A fun, guilt-free alternative to ditching your dog for a vacation is catching on.

A Gangnam dog café has several options to suit any dog owner’s needs. Caffe Pawz offers a very large and clean café with a full espresso bar and organic and homemade dog treats. There is also a groom shop, hotel, spa and an obedience school. The friendly English-speaking staff is available to help out with everything from giving your pup a bath to simply giving you advice on how to handle difficult behavioral issues.

Thomas Moxham, from Australia, has been bringing his two Jack Russell Terriers, Nibbles and Lolly to Caffe Pawz since it opened in August 2010. They make frequent visits to the café and Nibbles and Lolly stay at the hotel while Moxham is away. “Our dogs love the café,” says Moxham. “In fact, all we have to say to them is ‘Do you want to go to the puppy café?’ and they start going crazy with excitement.” 

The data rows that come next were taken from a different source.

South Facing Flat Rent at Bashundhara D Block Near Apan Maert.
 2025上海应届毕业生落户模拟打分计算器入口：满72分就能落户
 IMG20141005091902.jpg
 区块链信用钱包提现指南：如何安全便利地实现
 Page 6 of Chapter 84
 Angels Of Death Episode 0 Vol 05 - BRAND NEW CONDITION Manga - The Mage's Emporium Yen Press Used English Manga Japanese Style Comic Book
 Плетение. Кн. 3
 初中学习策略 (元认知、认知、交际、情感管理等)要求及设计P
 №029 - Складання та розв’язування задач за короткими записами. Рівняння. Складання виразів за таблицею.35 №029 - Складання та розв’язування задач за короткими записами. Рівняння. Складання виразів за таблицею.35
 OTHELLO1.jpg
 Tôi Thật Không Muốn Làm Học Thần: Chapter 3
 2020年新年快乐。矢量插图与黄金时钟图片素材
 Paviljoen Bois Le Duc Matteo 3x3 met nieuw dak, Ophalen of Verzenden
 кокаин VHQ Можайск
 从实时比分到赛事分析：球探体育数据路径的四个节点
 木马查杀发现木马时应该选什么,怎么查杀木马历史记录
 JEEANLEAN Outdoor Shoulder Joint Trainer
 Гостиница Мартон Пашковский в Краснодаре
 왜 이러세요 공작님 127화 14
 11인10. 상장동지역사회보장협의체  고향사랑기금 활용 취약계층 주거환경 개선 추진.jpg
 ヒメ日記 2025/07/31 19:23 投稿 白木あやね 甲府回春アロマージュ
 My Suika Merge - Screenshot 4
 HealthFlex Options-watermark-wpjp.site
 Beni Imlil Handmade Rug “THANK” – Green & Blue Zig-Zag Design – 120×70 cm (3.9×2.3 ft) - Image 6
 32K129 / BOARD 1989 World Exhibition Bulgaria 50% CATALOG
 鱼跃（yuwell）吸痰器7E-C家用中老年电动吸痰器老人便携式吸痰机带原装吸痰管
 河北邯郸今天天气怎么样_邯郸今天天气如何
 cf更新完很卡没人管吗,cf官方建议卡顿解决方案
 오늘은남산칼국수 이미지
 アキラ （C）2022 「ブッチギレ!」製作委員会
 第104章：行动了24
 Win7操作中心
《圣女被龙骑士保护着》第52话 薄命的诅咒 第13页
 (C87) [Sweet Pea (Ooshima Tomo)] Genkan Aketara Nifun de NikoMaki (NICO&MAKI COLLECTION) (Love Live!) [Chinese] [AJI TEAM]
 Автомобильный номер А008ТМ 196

The owner of Caffe Pawz, Choi Gang-hyuk, better known as Alex to his expat customers, is very friendly and understanding. He is often seen playing with his dog Gong-ju and chatting with customers about a new kind of dog food or training techniques.

“Next year I would like to open another café and obedience school in Itaewon,” Choi said. “Until then, I hope to get to know the expat community more and learn about the needs of foreigners who own dogs in Seoul.

Choi laments that there aren’t enough pet-friendly parks in Seoul. “In the city there is really no place for people to bring their dogs. It’s almost as if Korean dogs have no fun, and I’d like to change that.”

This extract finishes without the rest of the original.